> **What the task asks**
Once you reach the line containing "Spot Kanlux Enali" in the entries below, write out that line and each one after it down to the line containing "Shop Alexander Wang", exactly and with nothing added.

> **Supplied data**
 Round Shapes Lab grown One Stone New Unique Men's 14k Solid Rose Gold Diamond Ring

==

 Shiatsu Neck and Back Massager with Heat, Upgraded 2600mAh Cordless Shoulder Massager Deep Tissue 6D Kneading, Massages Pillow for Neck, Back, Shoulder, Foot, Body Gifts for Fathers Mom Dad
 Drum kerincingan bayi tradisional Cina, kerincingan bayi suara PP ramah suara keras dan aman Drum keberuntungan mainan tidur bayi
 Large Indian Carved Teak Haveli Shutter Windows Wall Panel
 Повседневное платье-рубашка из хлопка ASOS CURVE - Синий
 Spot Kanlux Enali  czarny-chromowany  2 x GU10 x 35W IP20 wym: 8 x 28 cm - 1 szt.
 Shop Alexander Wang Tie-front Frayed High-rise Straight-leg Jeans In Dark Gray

> **Task output**
 Spot Kanlux Enali  czarny-chromowany  2 x GU10 x 35W IP20 wym: 8 x 28 cm - 1 szt.
 Shop Alexander Wang Tie-front Frayed High-rise Straight-leg Jeans In Dark Gray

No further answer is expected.